Elisabeth Bing, the natural child-birth pioneer who popularized the Lamaze method in the United States, has died at age 100.

Bing, born in a Berlin suburb on July 9, 1914, died on Friday at her home in New York, her son Peter said on Sunday.

When Bing was 18, she fled her homeland after Hitler took power in Germany and moved to England, where she became interested in obstetrics and natural childbirth while working in a hospital’s maternity ward as a physical therapist.
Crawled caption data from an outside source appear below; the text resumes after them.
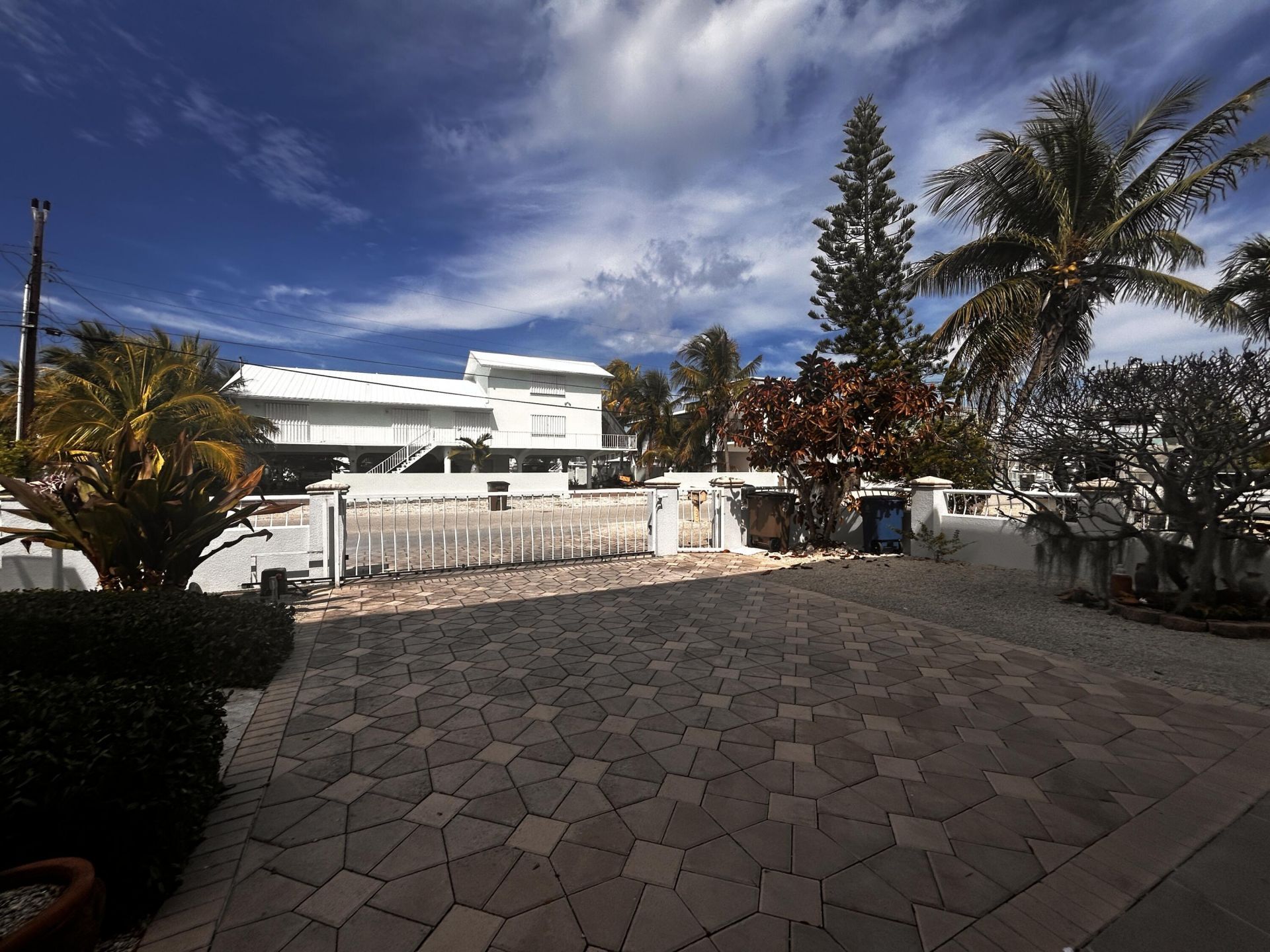 156 Marina Avenue, Key Largo, FL 33037 Photo
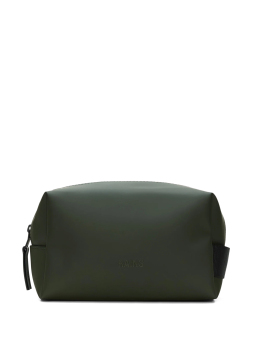 UNISEX ΝΕΣΕΣΕΡ 2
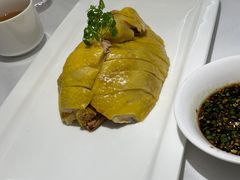 -圆苑(静安寺店)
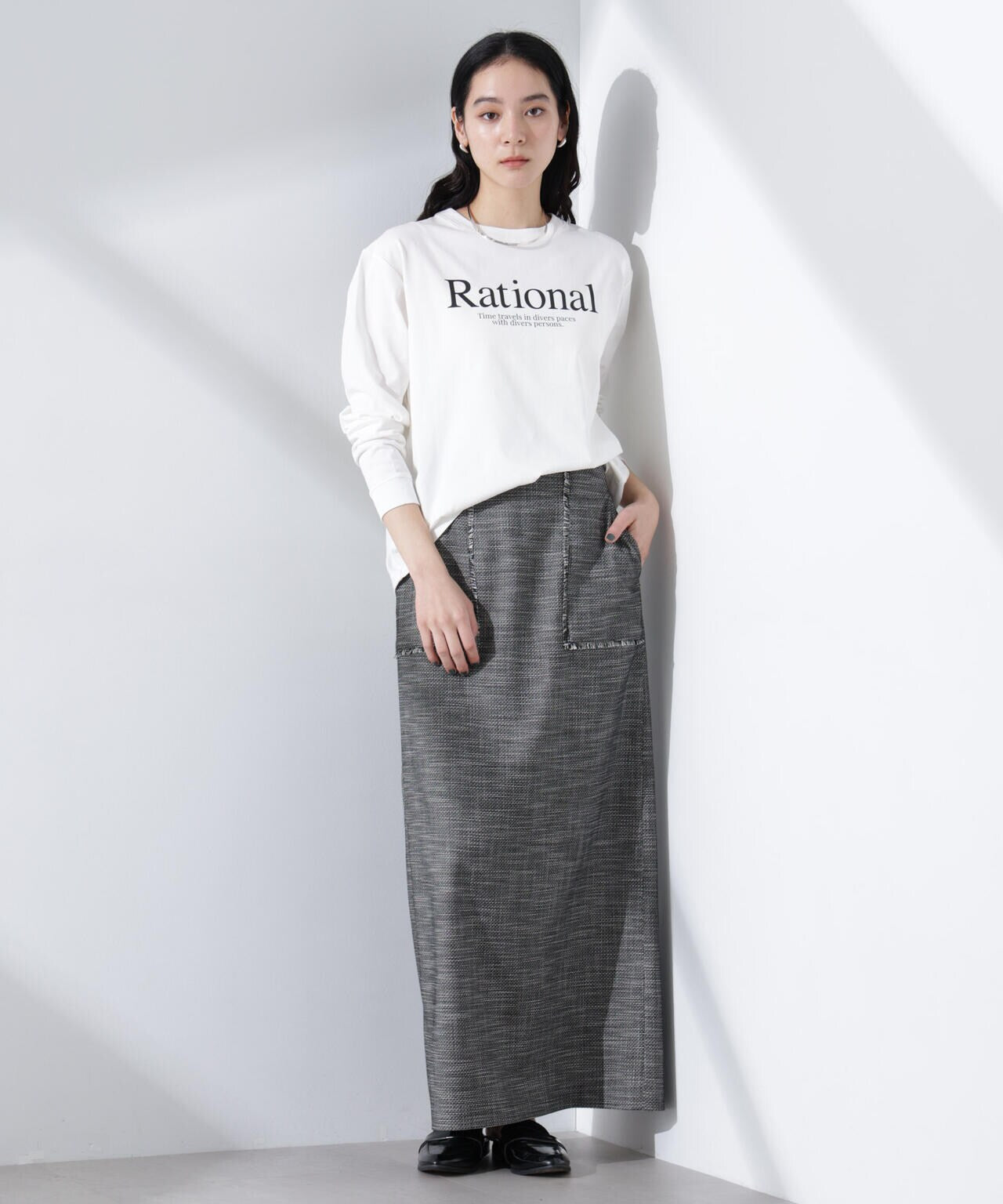 3d8742f0-0c02-5a4e-80f7-f6446c05b0a8_Image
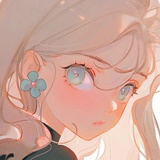 隔岸观火不救我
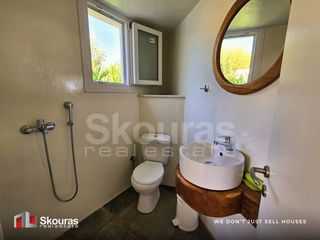 Βίλλα 300 τ.μ. για πώληση, Αργολίδα, Κρανίδι-thumb-21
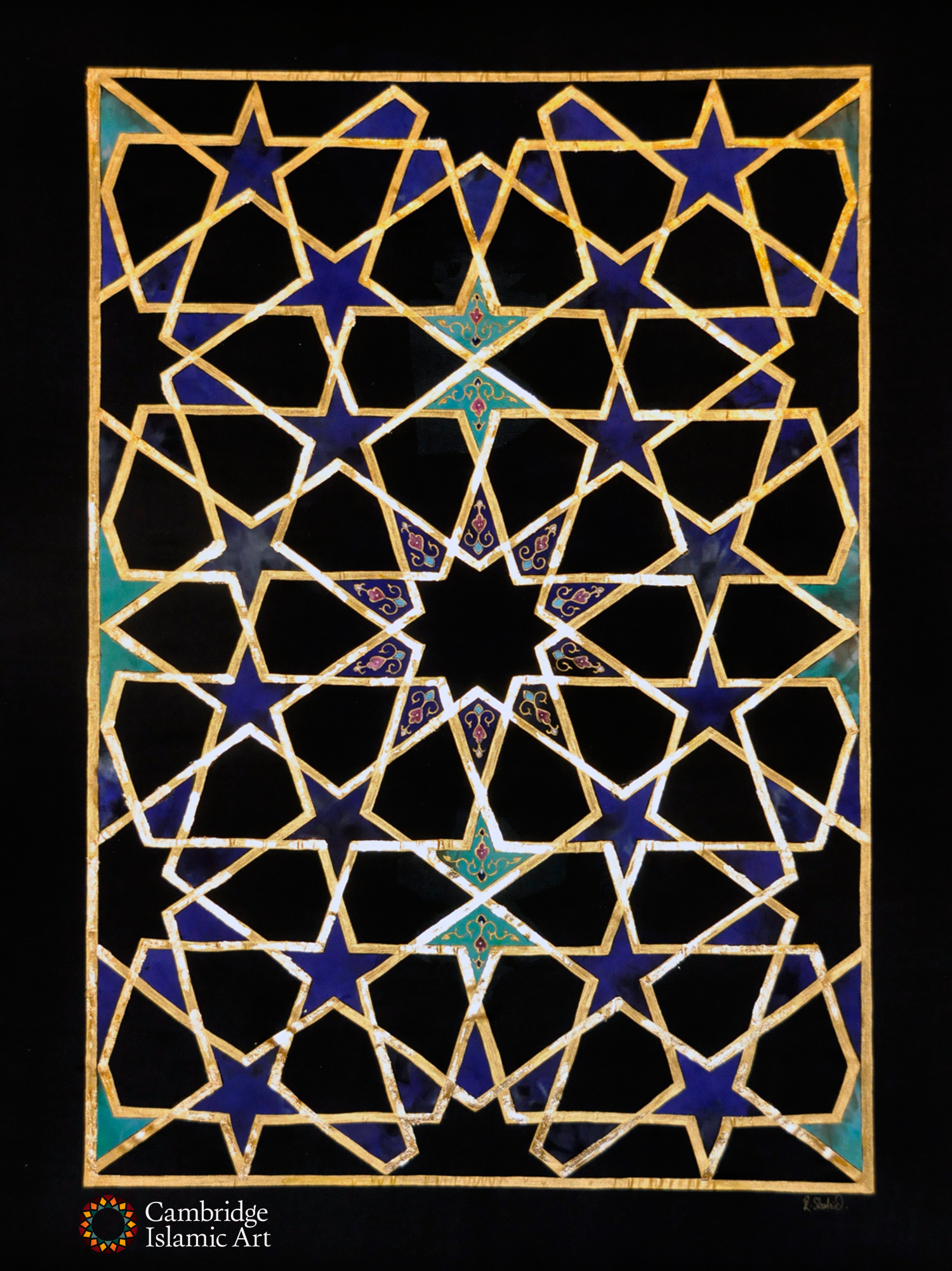 LOT_067_1.png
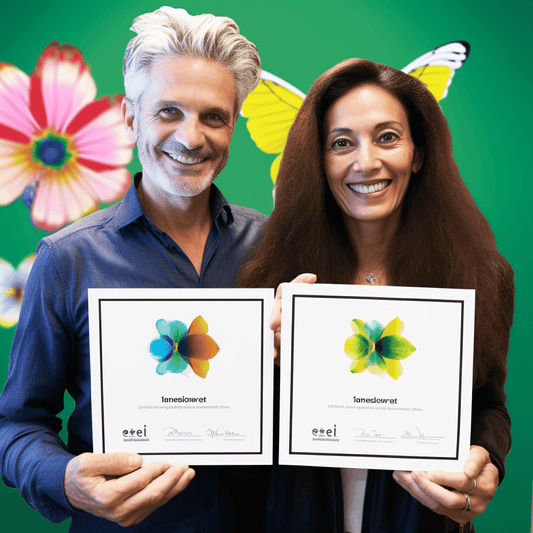 Curso de Habilidades de gestão e liderança - IBRATH Instituto Brasileiro de Terapias Holísticas teste031020231005, teste031020231007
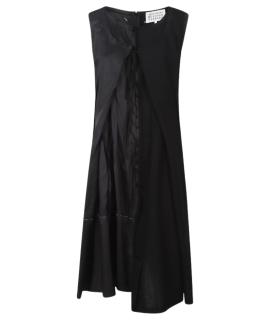 MAISON MARGIELA Повседневное платье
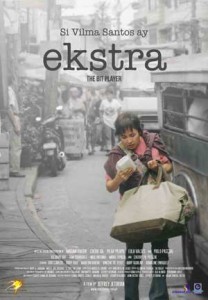 EKSTRA-MAIN-POSTER-low-res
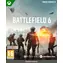 XSX Battlefield 6 / Action / Englisch / 18+ / Spiel für Xbox Series S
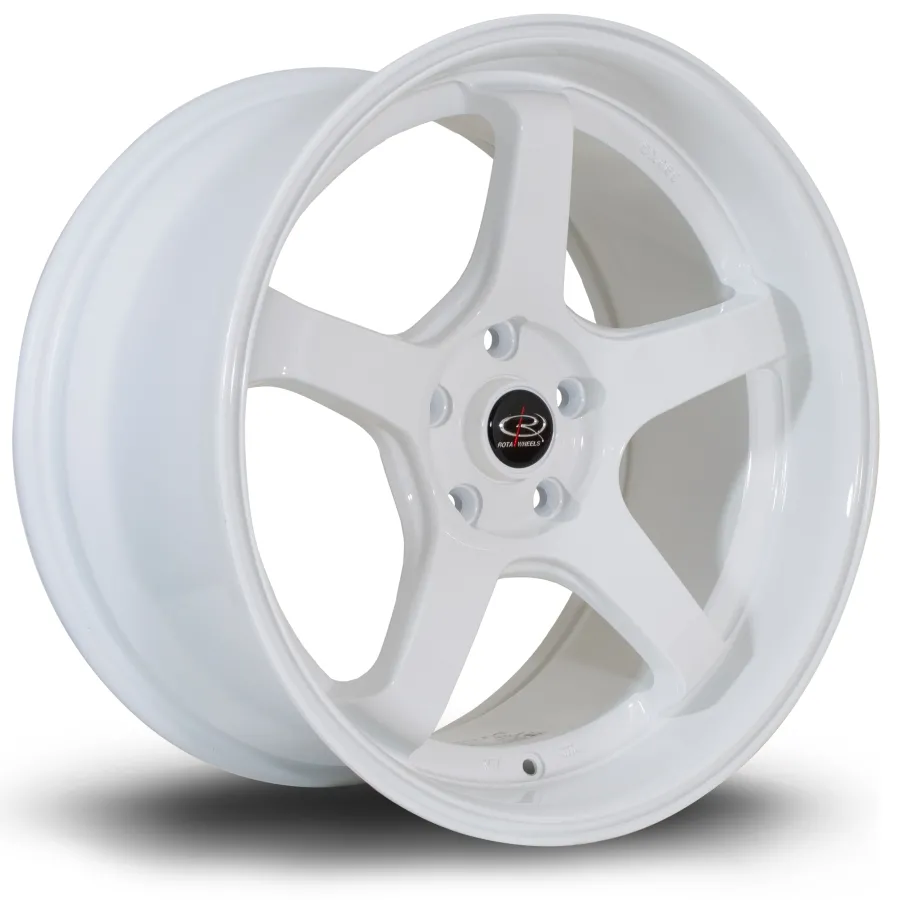 rotawheels-logo.png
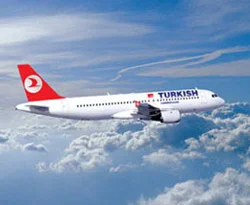 THY, bütün dünyaya ulaşacak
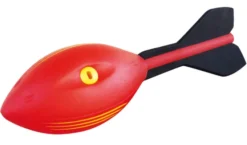 Wurfrakete - Rocket Whistler XL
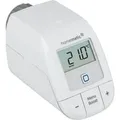 Smart Home Heizkörperthermostat Basic (HmIP-eTRV-B-2), Heizungsthermostat weiß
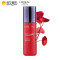 欧莱雅(LOREAL)复颜光学嫩肤抚痕乳液125ml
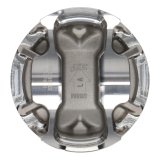 JE Pistons Ultra Series 367902L Piston Single, SUBARU EJ20 HEAD/EJ25 BLOCK ULTRA SERIES thumbnail 2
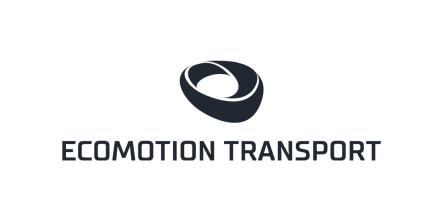 EcoMotion Transport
She helped postpartum women regain their strength after they were heavily medicated during childbirth and ordered to remain in their beds for 10 days, she told The Journal of Perinatal Education in 2000.

“What I saw I disliked intensely and I thought there must be better ways. It was very frightening and upsetting to me. The women either had very heavy anesthesia or nothing at all,” she said during the interview.

In 1949, Bing moved to the United States, eventually settling down in New York, where she took a job teaching childbirth classes to expectant mothers at Mt. Sinai Hospital.

There she familiarized herself and began teaching classes based on the work of French obstetrician Dr. Fernand Lamaze, who emphasized relaxation, breathing techniques and emotional support from the father during childbirth.

“She was a charming, delightful and strong individual, who had to sometimes take on a medical establishment that was not comfortable with the things she was pushing,” her son said.

In 1960, Bing help found the American Society for Psychoprophylaxis in Obstetrics, now known as Lamaze International.

During the next two decades, Bing introduced the Lamaze method to the United States, giving interviews on television and radio talk shows and speeches about the benefits of natural childbirth and important role expecting parents play in childbirth.

“Prepared childbirth was easy to introduce in a way because the atmosphere was right,” she said during the interview, attributing the growing popularity of the natural childbirth to Women’s Lib and other social and political movements of the time.

Peter Bing said mothers would regularly stop Bing, known as the “Mother of Lamaze,” on the streets of New York to thank her.

“It was clear that she had a lasting impression, a human impression as a teacher,” he said.